Go to the line with "邪恶天才掌控世界阴谋与智慧的较量终极挑战与背后隐藏的真相揭秘" in the records below, then output it and each following line exactly, up to and including the line with "56dd3f4f-59d7-4843-a0be-e7929c62a682.jpg". Skip pictures and add nothing.

+++ RECORDED DATA +++

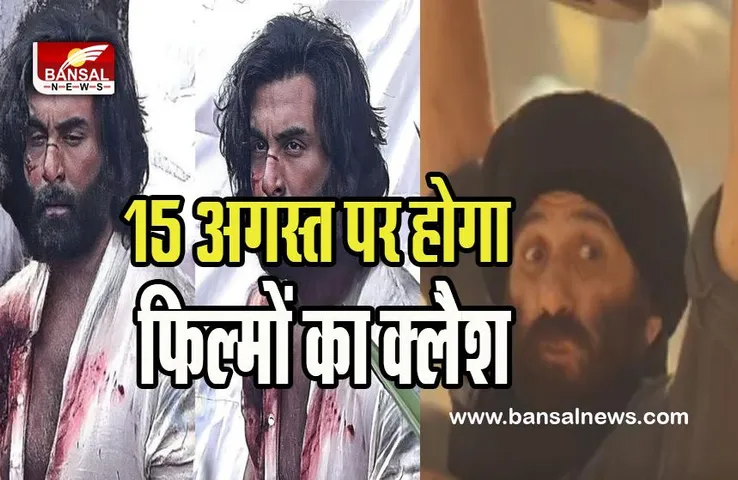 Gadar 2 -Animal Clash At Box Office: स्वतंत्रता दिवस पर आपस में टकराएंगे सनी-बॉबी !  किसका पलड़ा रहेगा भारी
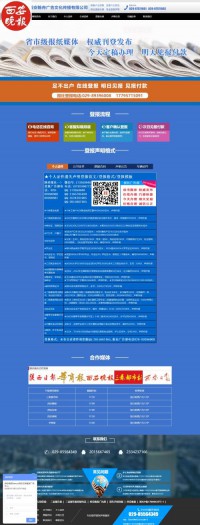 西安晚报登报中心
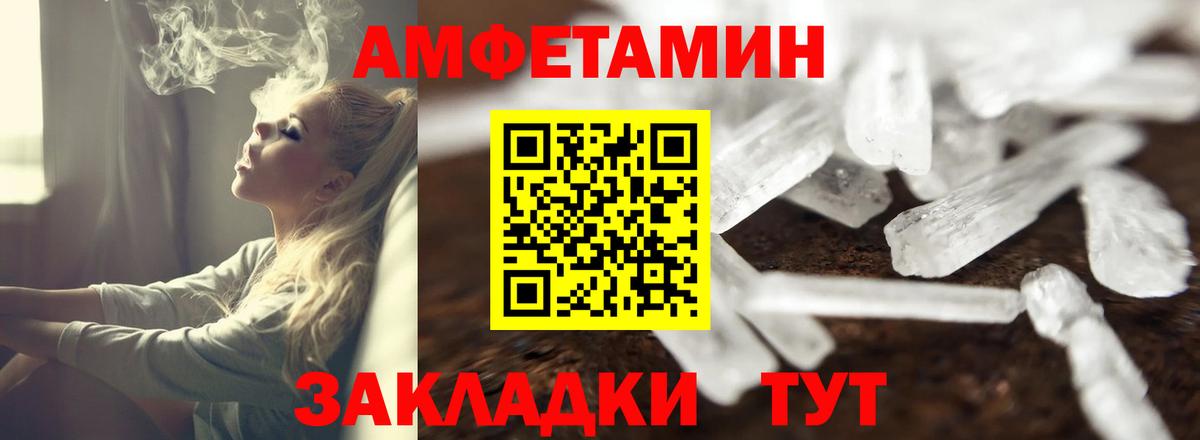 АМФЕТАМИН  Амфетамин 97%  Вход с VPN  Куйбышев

+++
+++ RECORDED DATA +++

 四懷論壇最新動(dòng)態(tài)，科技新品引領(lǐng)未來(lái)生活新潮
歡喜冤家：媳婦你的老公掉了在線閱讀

+++
+++ RECORDED DATA +++

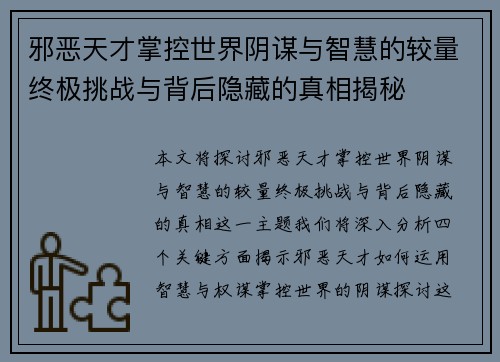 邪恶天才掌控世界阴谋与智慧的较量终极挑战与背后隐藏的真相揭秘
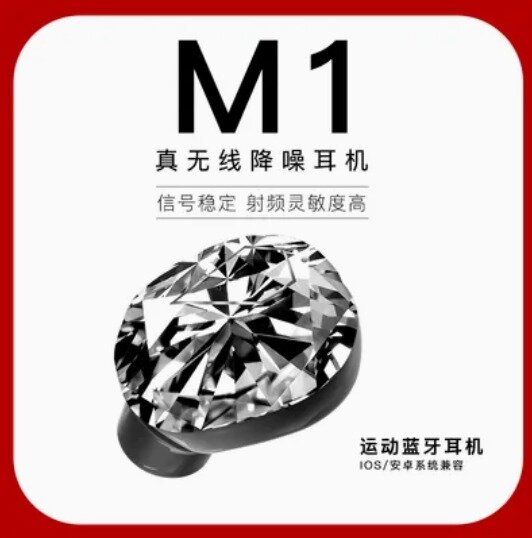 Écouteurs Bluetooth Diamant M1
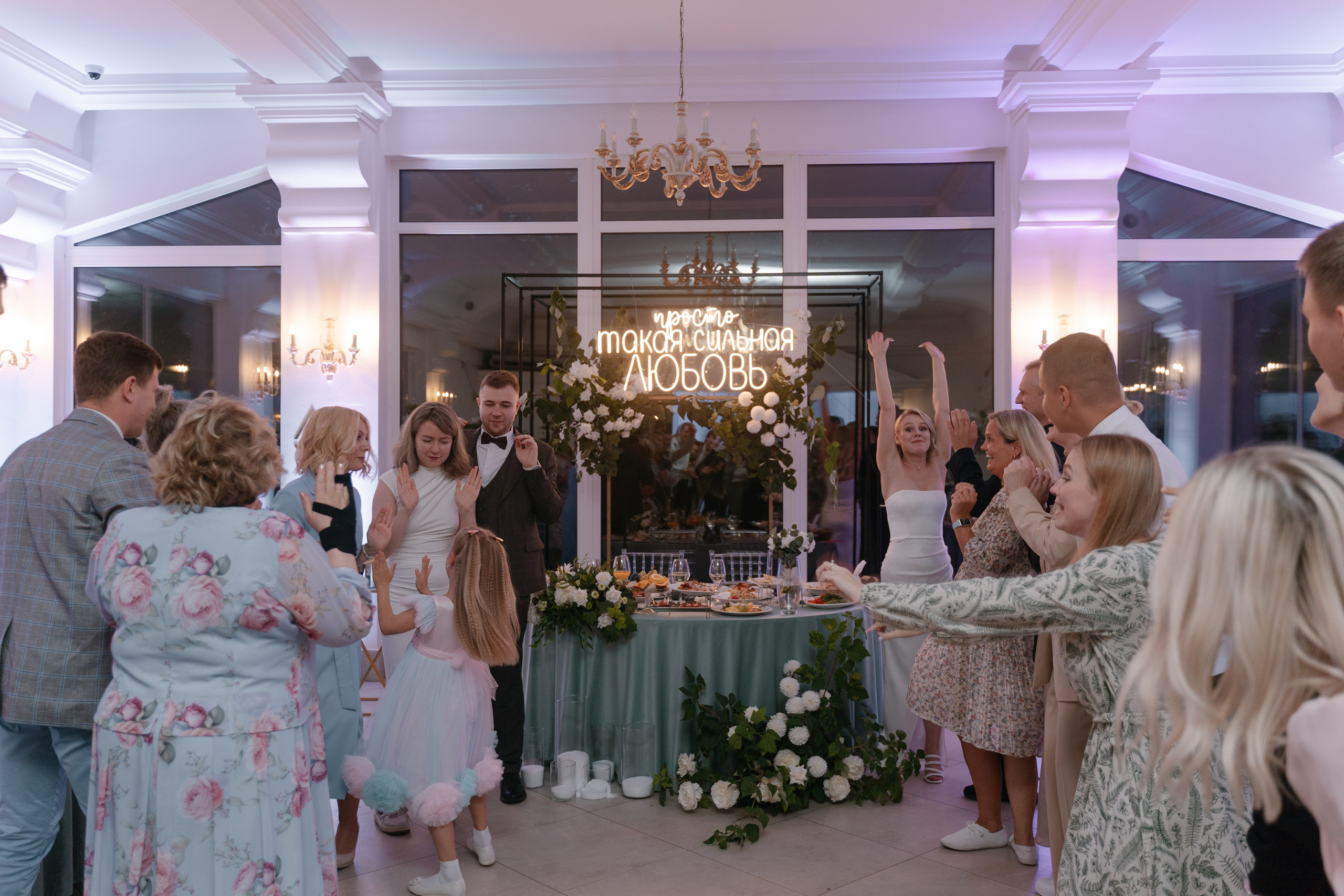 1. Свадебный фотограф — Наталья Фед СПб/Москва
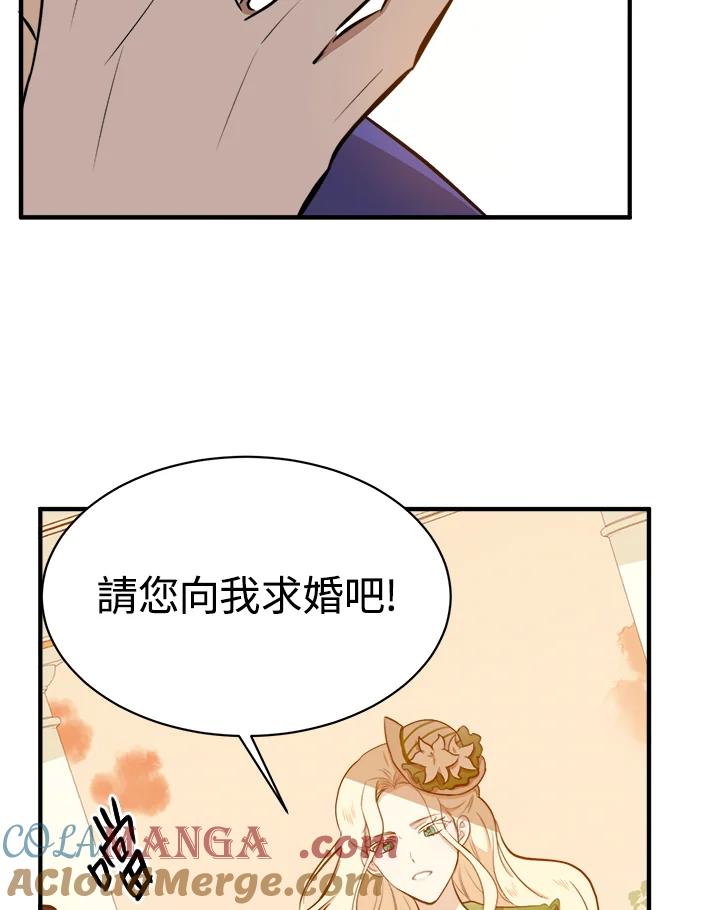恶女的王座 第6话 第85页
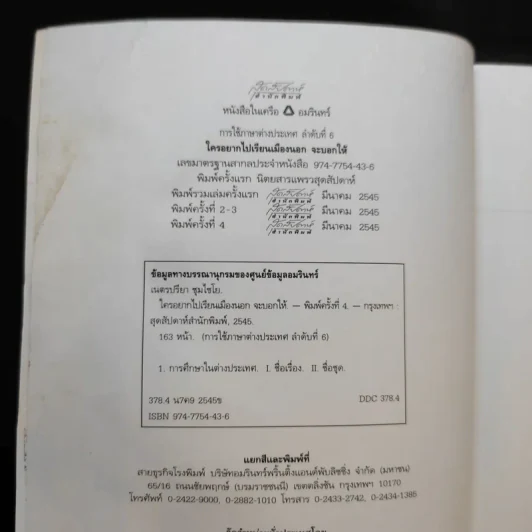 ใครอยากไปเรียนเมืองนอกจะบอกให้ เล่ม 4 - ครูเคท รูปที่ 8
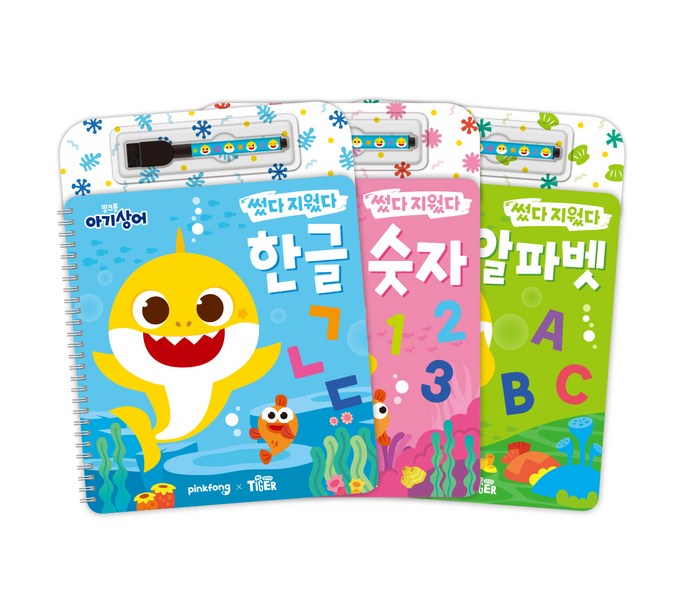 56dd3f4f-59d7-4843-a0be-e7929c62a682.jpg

+++

# SOLUTION FOR THIS TASK:
 邪恶天才掌控世界阴谋与智慧的较量终极挑战与背后隐藏的真相揭秘
 Écouteurs Bluetooth Diamant M1
 1. Свадебный фотограф — Наталья Фед СПб/Москва
恶女的王座 第6话 第85页
 ใครอยากไปเรียนเมืองนอกจะบอกให้ เล่ม 4 - ครูเคท รูปที่ 8
 56dd3f4f-59d7-4843-a0be-e7929c62a682.jpg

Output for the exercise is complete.